TASK INSTRUCTIONS:
Print the line containing "Makkelijk bananencake recept met kaneel" and all lines after it, unchanged, through the end of the data. Leave the pictures out.

GIVEN DATA:
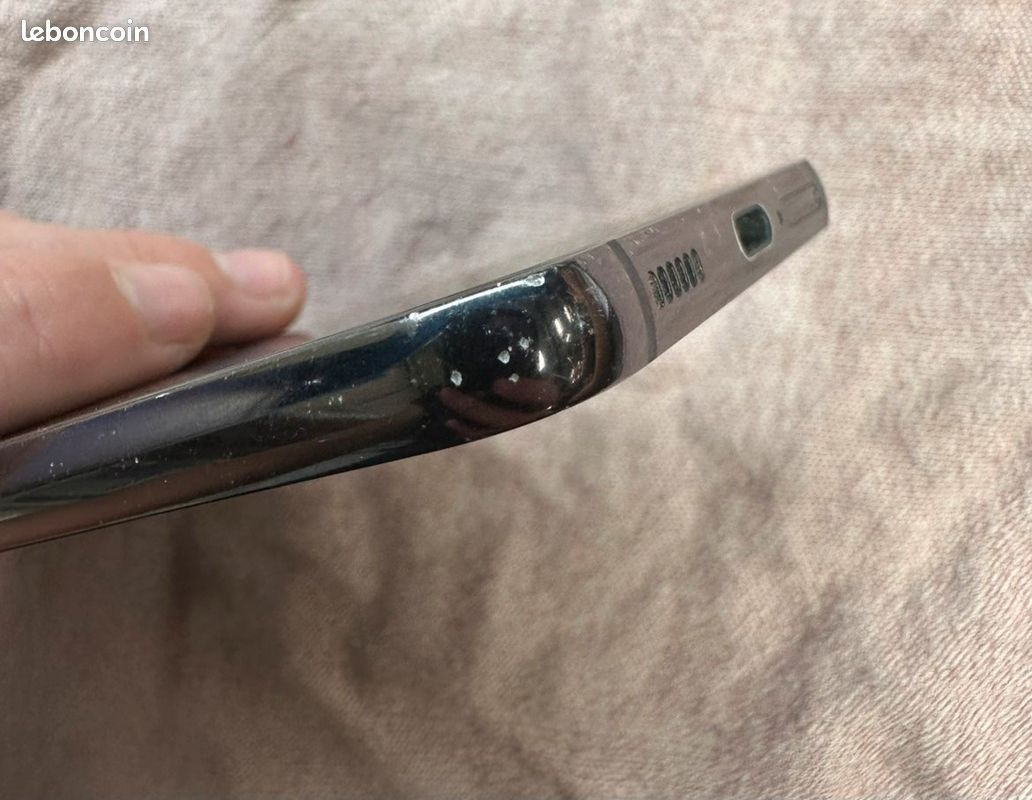 Samsung Galaxy S22 (image 3)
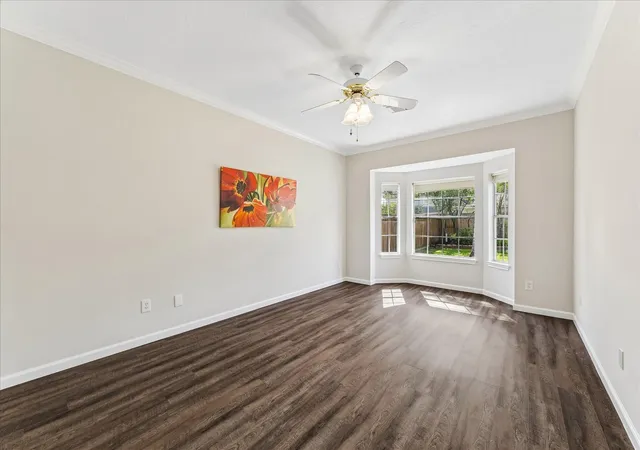 Photo 3 of Sale Pending at 11818 Orchard Mountain Dr, Houston, TX 77059 | MLS# 72084870 | Listing updated on 2026-08-14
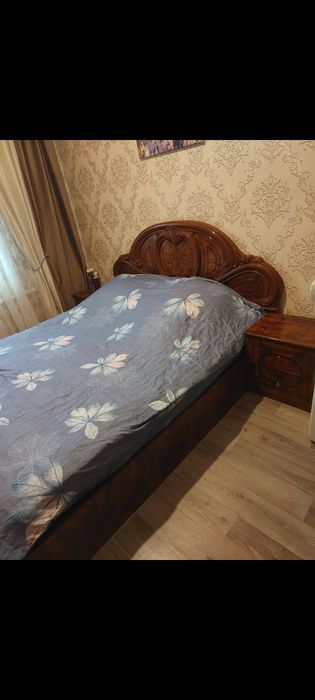 Продам гарнитур спальный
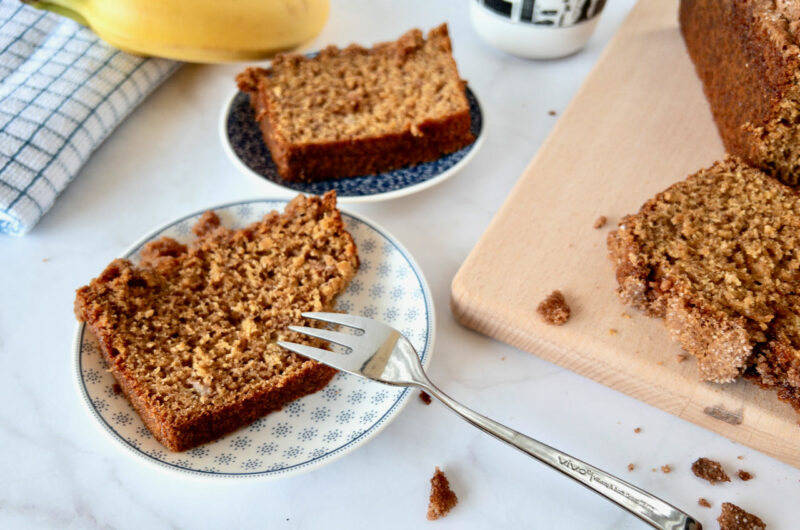 Makkelijk bananencake recept met kaneel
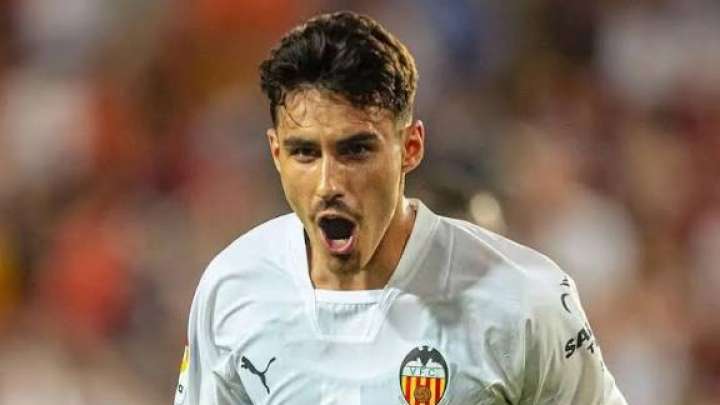 Almeida renueva con el Valencia CF hasta 2029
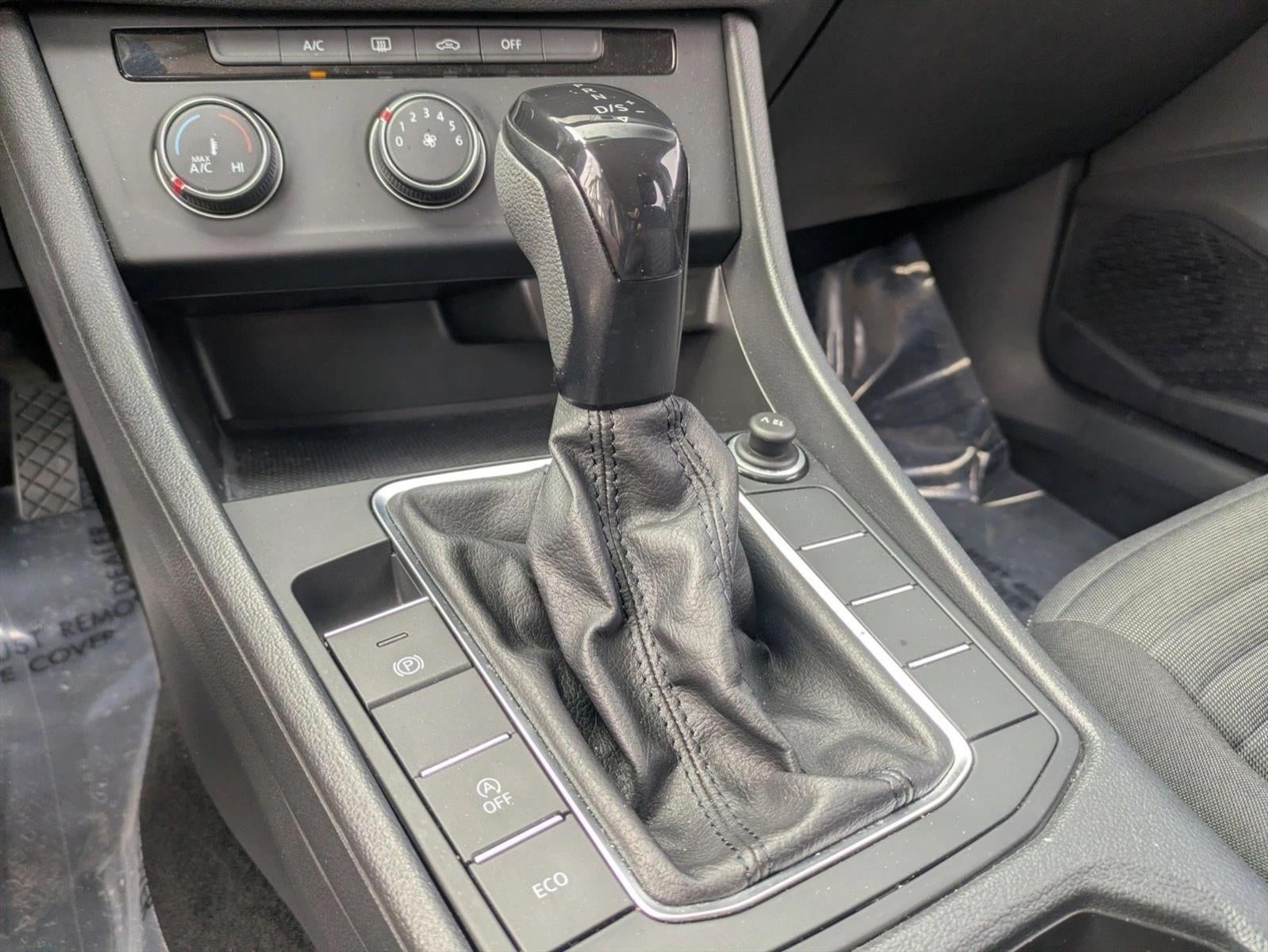 2022 Volkswagen Jetta S Auto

SOLUTION FOR THIS PROBLEM:
 Makkelijk bananencake recept met kaneel
 Almeida renueva con el Valencia CF hasta 2029
 2022 Volkswagen Jetta S Auto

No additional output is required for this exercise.